Metadata-Version: 2.1
Name: knockpy
Version: 1.3.0
Summary: Knockoffs for variable selection
Home-page: https://github.com/amspector100/knockpy
Author: Asher Spector
Author-email: amspector100@gmail.com
Classifier: Programming Language :: Python :: 3
Classifier: License :: OSI Approved :: MIT License
Classifier: Operating System :: OS Independent
Requires-Python: >=3.6
Description-Content-Type: text/markdown
Provides-Extra: kpytorch
Provides-Extra: fast
Provides-Extra: docs
License-File: LICENSE.txt

# Knockpy

A python implementation of the knockoffs framework for variable selection. See https://amspector100.github.io/knockpy/ for detailed documentation and tutorials.

## Installation

To install knockpy, first install choldate using the following command:

``pip install git+https://github.com/jcrudy/choldate.git``

Then, install knockpy using pip:

``pip install knockpy[fast]``

To use the (optional) kpytorch submodule, you will need to install [pytorch](https://pytorch.org/). 

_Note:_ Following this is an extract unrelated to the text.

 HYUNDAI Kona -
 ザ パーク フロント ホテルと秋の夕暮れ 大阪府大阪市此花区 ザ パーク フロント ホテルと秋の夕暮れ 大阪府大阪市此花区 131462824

### What if installation fails?

knockpy relies on heavy-duty linear algebra routines which sometimes fail on non-Linux environments. 

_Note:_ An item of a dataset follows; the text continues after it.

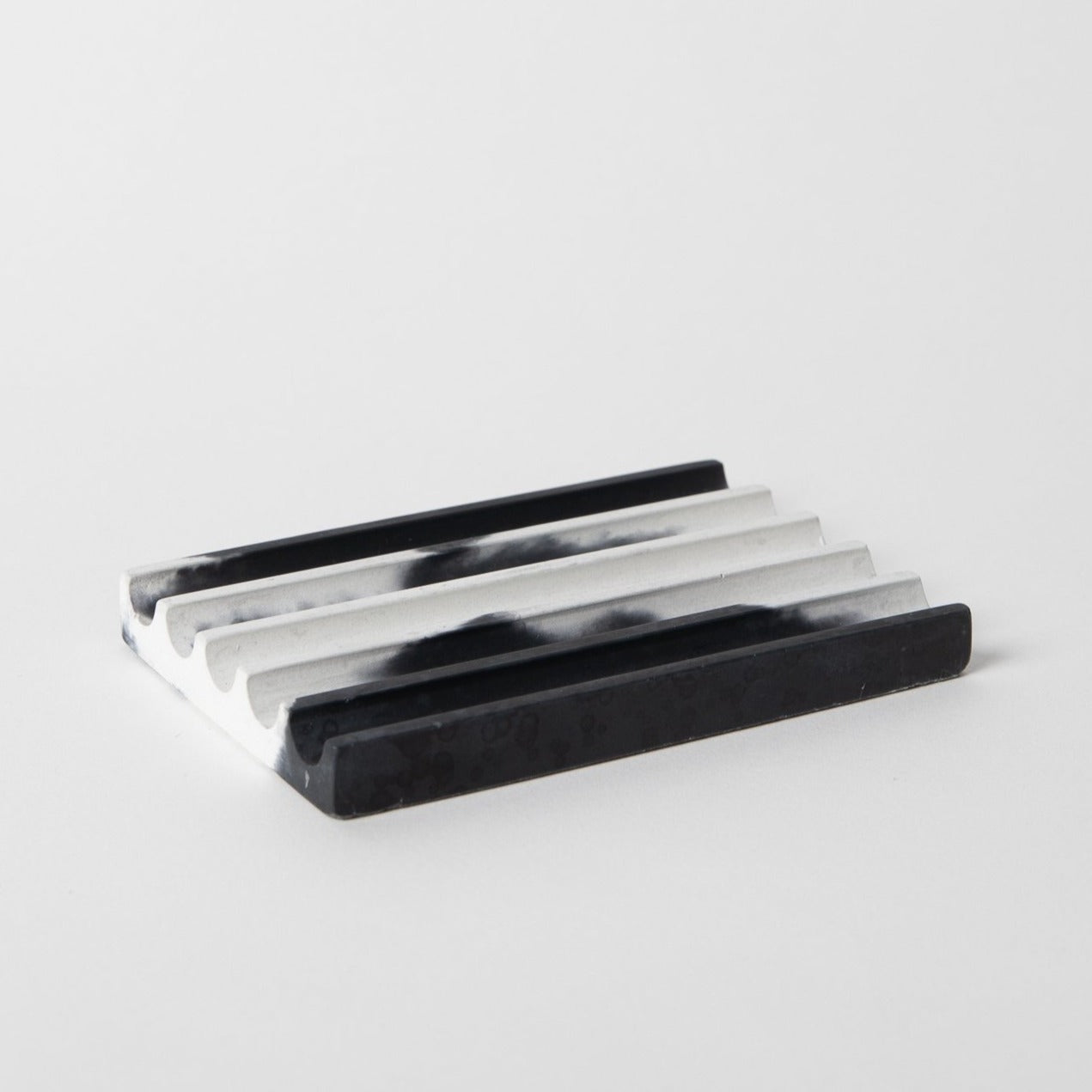 Pretti.Cool Soap Dish | Cookies n Cream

1. To start, install a lightweight version of knockpy using
``pip install knockpy``. This should install correctly on all devices, and contains nearly all of the functionality of the prior installation. However, the algorithms for computing optimal distributions for Gaussian knockoffs, such as [minimum reconstructability knockoffs](https://arxiv.org/abs/2011.14625) and [SDP knockoffs](https://arxiv.org/abs/1610.02351), may be an order of magnitude slower.
2. [Optional] To speed up computation for minimum reconstructability knockoffs (the default knockoff type):

    (a) Run

        ``pip install cython>=0.29.14``  

    If the installation fails, likely due to the incorrect configuration of a C compiler, you have three options. First, the [Anaconda](https://docs.anaconda.com/anaconda/user-guide/tasks/install-packages/) package manager includes a compiler, so the command

        ``conda install cython``  

    should work on all platforms. Second, on Windows, you can install precompiled binaries for cython [here](https://www.lfd.uci.edu/~gohlke/pythonlibs/). Lastly, on all platforms, the documentation [here](https://cython.readthedocs.io/en/latest/src/quickstart/install.html) describes how to properly configure a C compiler during installation.
    
    (b) Run

        ``pip install git+https://github.com/jcrudy/choldate.git``

3. [Optional] To speed up computation for (non-default) SDP knockoffs, you will need to install ``scikit-dsdp``. This can be challenging on non-Linux environments. We hope to provide more explicit instructions for installation of this package in the future.
 
## Quickstart

Given a data-matrix `X` and a response vector `y`, knockpy makes it easy to use knockoffs to perform variable selection using a wide variety of machine learning algorithms (also known as "feature statistic") and types of knockoffs. One quick example is shown below, where we use the cross-validated lasso to assign variable importances to the features and knockoffs.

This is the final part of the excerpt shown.